But, is the X-Class's future a short-lived one?
In an interview with German publication Manager Magazin, Mercedes boss Ola Källenius has said that the brand are set to "end the co-operation" with the Nissan-Renault group, because "almost all common businesses are in the red". The report later adds that Källenius "will gently drain the alliance [...] without hurting anyone.
It's no secret that Nissan aren't exactly a picture of stability at the minute, given all the happenings around former CEO Carlos Ghosn. But there are other potential issues here, too.
The Manager Magazin report suggests that the X-Class hasn't lived up to tall sales expectations (a trait that looks to be consistent in Australia and New Zealand, too). They add that the X-Class is currently losing Mercedes-Benz money.
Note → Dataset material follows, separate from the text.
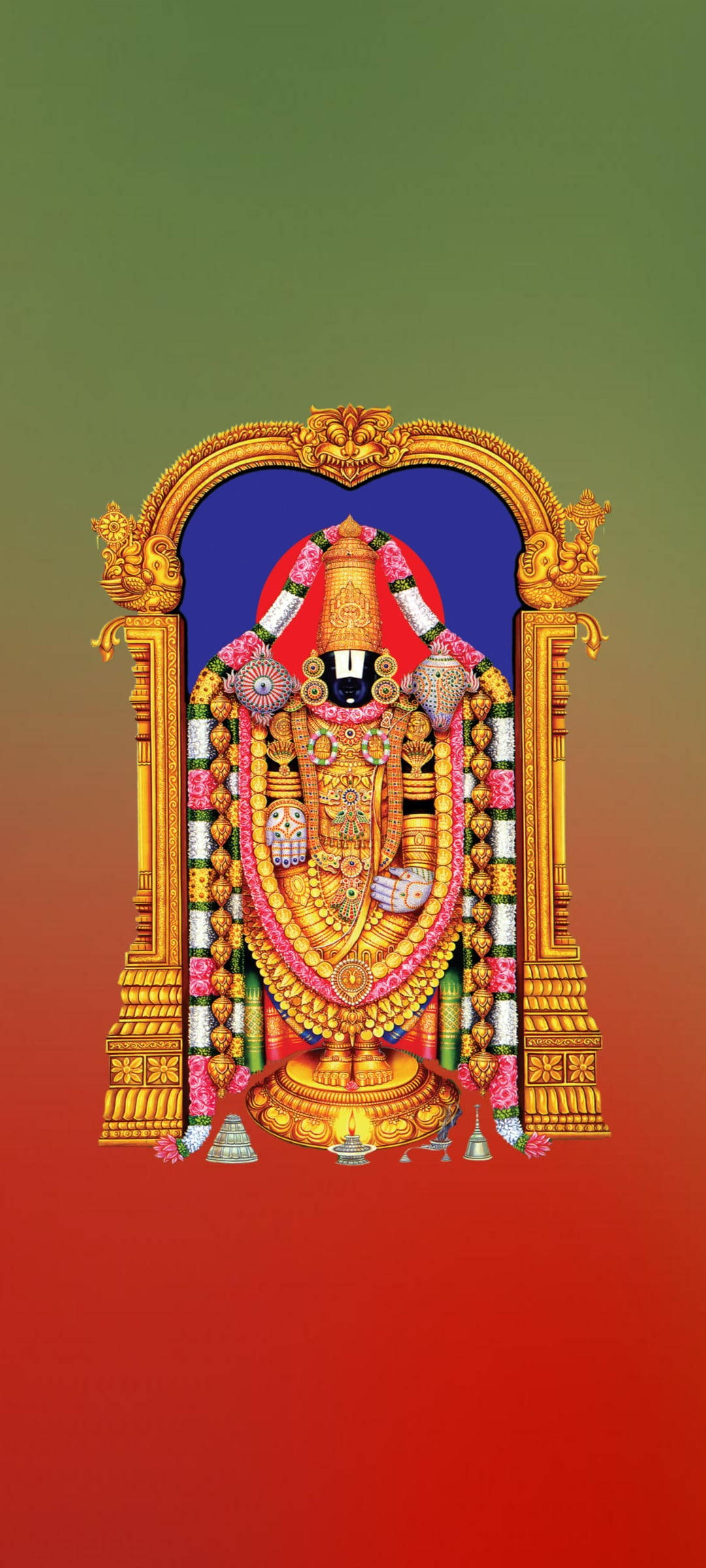 Venkateswara Swamy hindujumala Taustakuvat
It's also worth pointing out that the alliance between Mercedes and Nissan-Renault group is a partnership that was formed between Ghosn and former Mercedes boss Dieter Zetsche. With both bosses departed, there may be less desire to continue the relationship.
There are now three big options for Mercedes to consider. Mercedes could develop their own platform from the ground up, they could find another dance partner, or they could simply ditch the ute segment altogether.
If they elect to find another partner, they'll be walking into a rather complicated situation. Toyota and General Motors are the only two mainstream manufacturers who make their own utes without platform sharing (Ford and VW are working together for the next-gen Ranger/Amarok, Mazda and Isuzu the next-gen BT-50/D-Max, Mitsubishi and Nissan the next-gen Triton/Navara, and so on).
Keep in mind, Mercedes are scheduled to continue selling X-Class models for the next four years. These utes aren't likely to completely disappear from showroom floors any time soon.
If this sees the end of the X-Class, it would be a sad end for a curious and interesting segment-crossing exercise — one that a lot of people had their eyes on.